Biased Data. Finally, we investigate how out method performs with an increasingly biased dataset. For this experiment we use the FairfaceS dataset (Sect. 4.2) with gender as the target variable. We evaluate a naïve classifier and BASE over a range of different skew parameters and observe the effect on accuracy and fairness. The results are shown in Fig. 3.

Fig. 3.
figure 3

The accuracy and fairness of a Naïve classifier and BASE over different skew parameters of the FairfaceS dataset. Error bars are the 95% confidence interval over 3-fold cross-validation.
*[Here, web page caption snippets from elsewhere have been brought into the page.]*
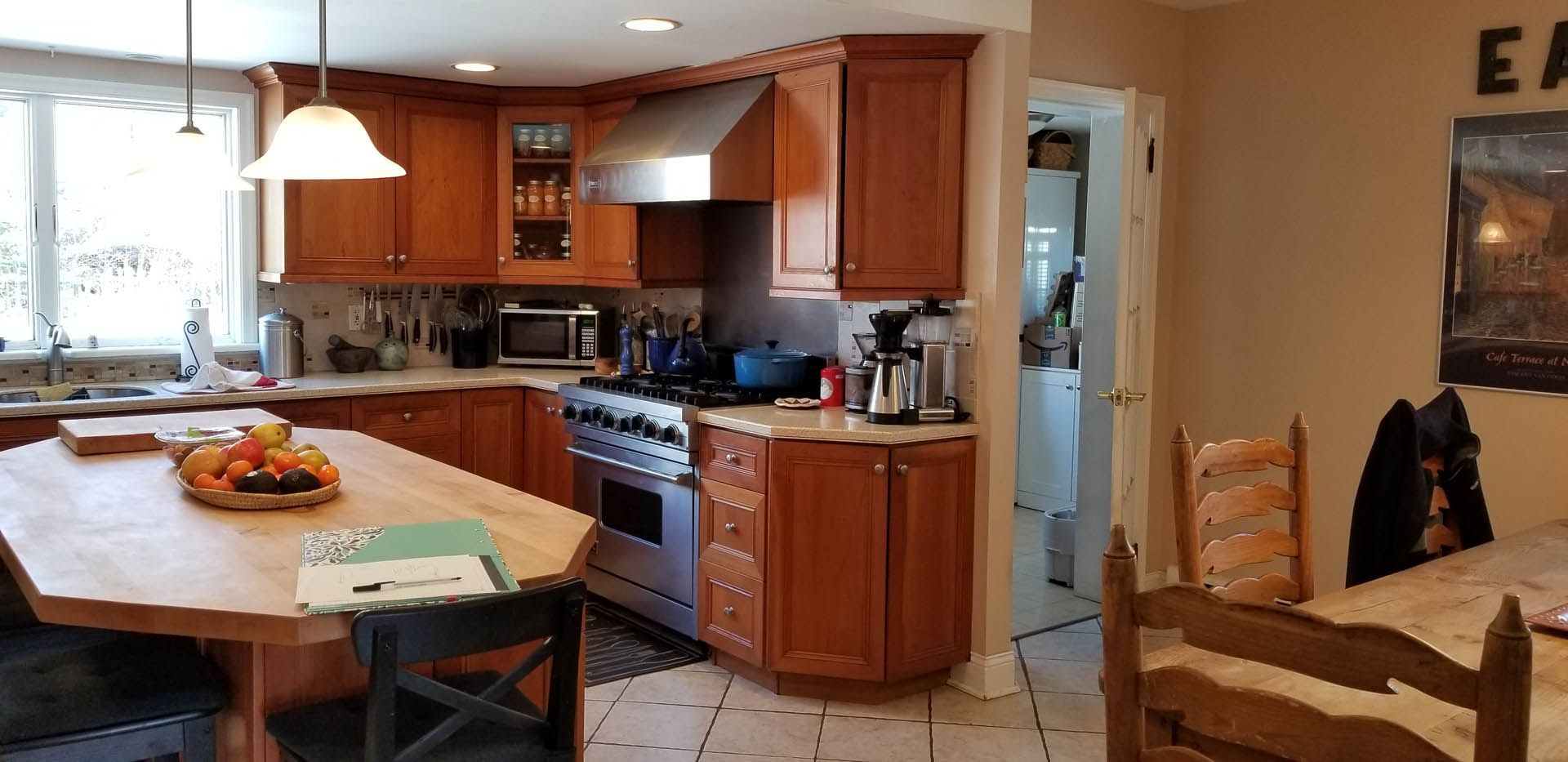 A bright, wood-toned kitchen featuring a large central island, stainless steel appliances, and a dining area to the right.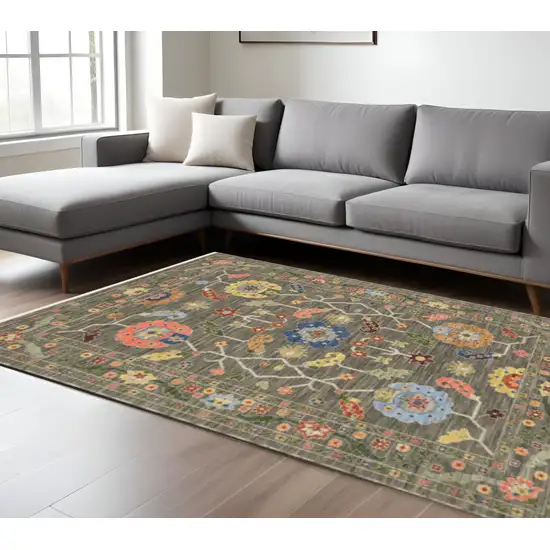 6' X 9' Grey Blue Pink Orange Rust Red Green And Ivory Oriental Power Loom Stain Resistant Area Rug With Fringe Photo 1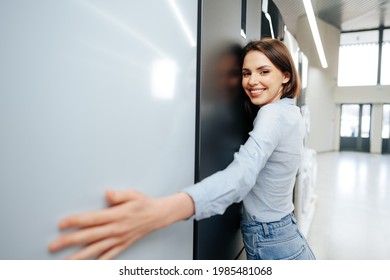 Young Happy Woman Leaning On Her New Refrigerator In A Mall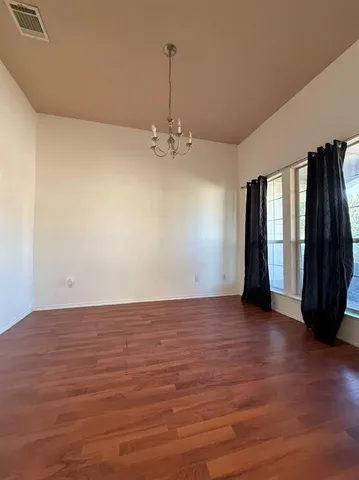 a view of a room with wooden floor and a window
We observe that, as one would expect, as the skew increases and consequentially the bias in the dataset increases both accuracy and fairness decay for both methods. Additionally, at low levels of bias, whilst BASE is able to increase the fairness of the classifier in all metrics, this comes at the cost of overall accuracy compared to the naïve classifier. However, as the skew increases the accuracy of the naïve classifier decays at a greater rate than BASE. At extreme skew levels, BASE is even able to achieve a higher degree of overall accuracy. The same results can be seen with the fairness metrics. With the performance of the naïve classifier decaying at a higher rate than BASE. Even though BASE produces a more fair predictor at low skew levels, the performance gap only increases as the skew increases.

5 Conclusion

In this work, we introduce a new fairness objective based upon optimising the standard deviation of soft accuracy across demographics of a protected attribute. Experimental results on UTKFace, CelebA, Fairface and FairfaceS show that our system is able to produce fairer AI models for computer vision tasks under widely varying conditions whilst being particular effective for more unfair scenarios and can even improve the overall accuracy compared to a naive model in heavily biased data-sets.